Since the records include pictures, leave those out while you reproduce exactly and only the lines from the one containing "Saint Laurent - Monogram" through the one containing "Piso de 4 habitaciones", inclusive.

→ Provided data

# # # # #

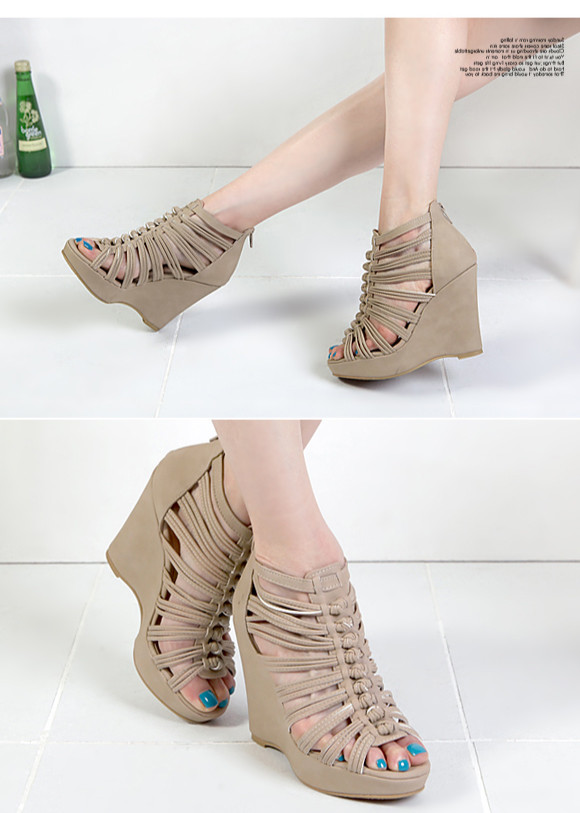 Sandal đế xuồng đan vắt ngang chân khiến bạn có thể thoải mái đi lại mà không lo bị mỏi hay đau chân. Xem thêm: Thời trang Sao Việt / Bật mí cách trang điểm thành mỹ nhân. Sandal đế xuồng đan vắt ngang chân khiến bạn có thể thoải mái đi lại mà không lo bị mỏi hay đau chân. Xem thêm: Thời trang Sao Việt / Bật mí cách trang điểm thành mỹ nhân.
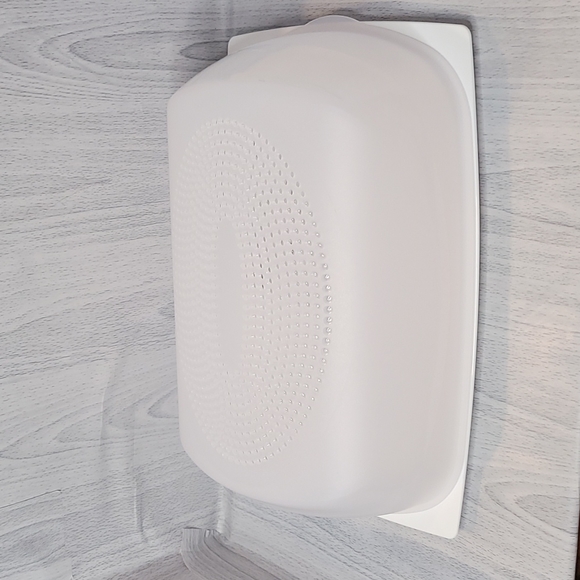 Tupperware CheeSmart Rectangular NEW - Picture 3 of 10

# # # # #

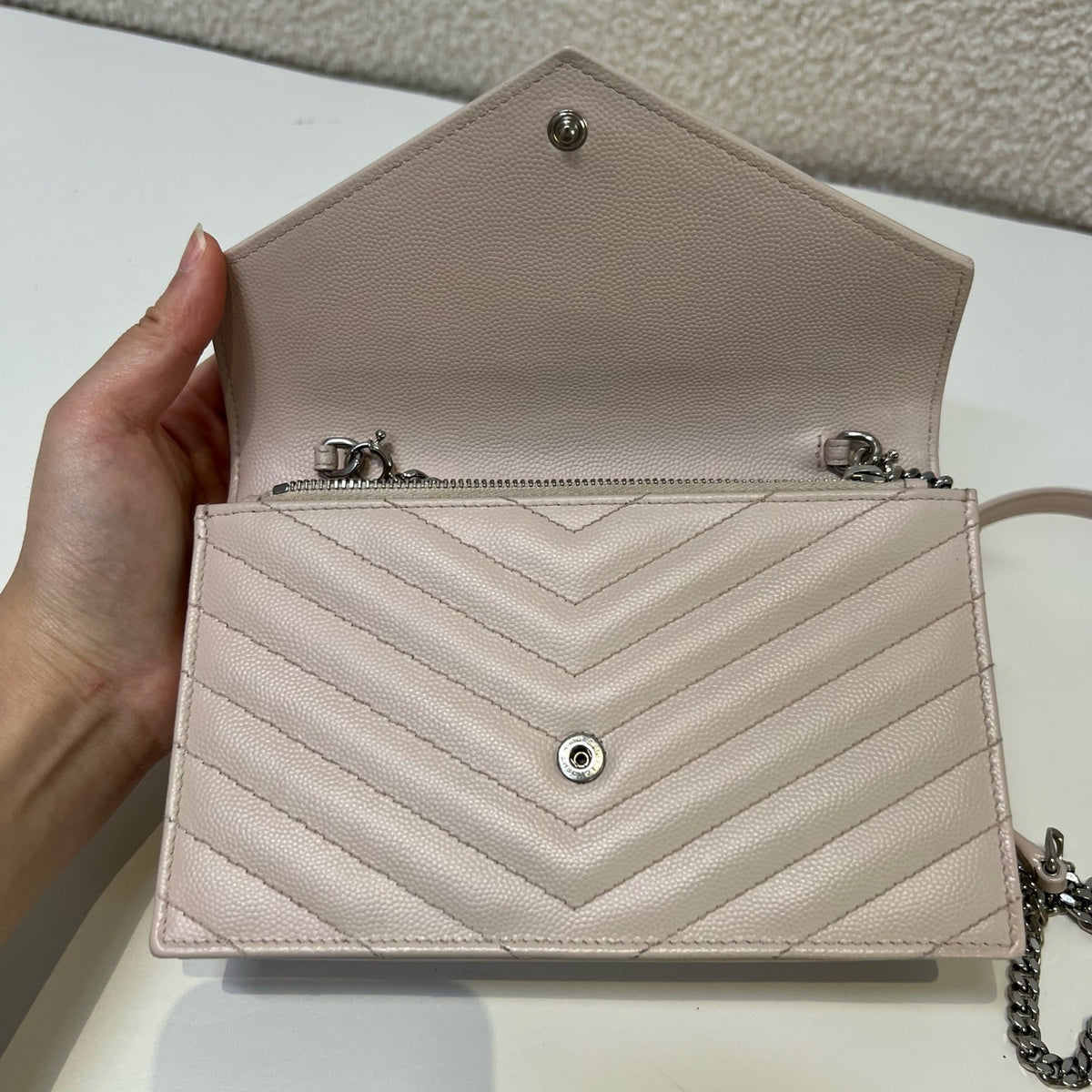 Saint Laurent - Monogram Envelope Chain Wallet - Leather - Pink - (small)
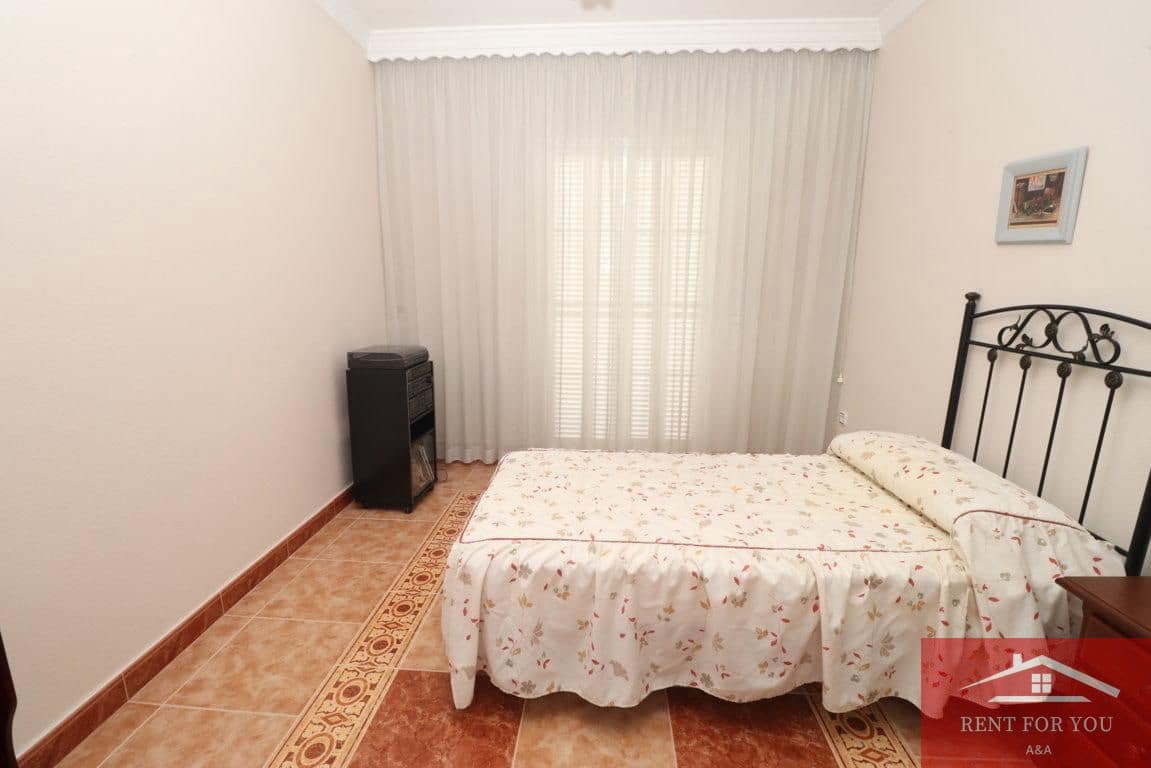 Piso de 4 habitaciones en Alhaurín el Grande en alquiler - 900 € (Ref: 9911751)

# # # # #

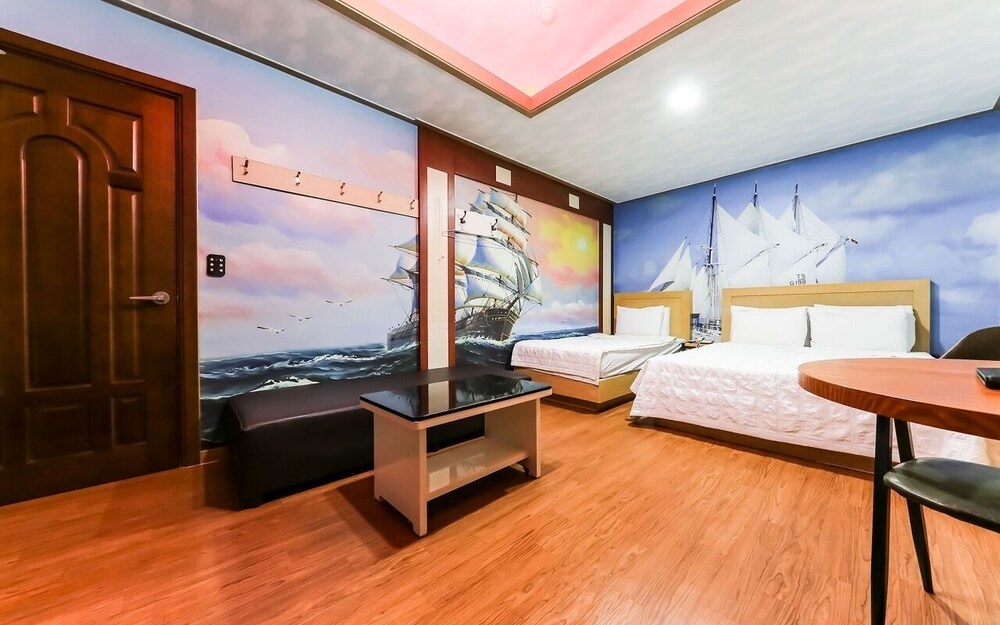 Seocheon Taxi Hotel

# # # # #

→ Task answer
 Saint Laurent - Monogram Envelope Chain Wallet - Leather - Pink - (small)
 Piso de 4 habitaciones en Alhaurín el Grande en alquiler - 900 € (Ref: 9911751)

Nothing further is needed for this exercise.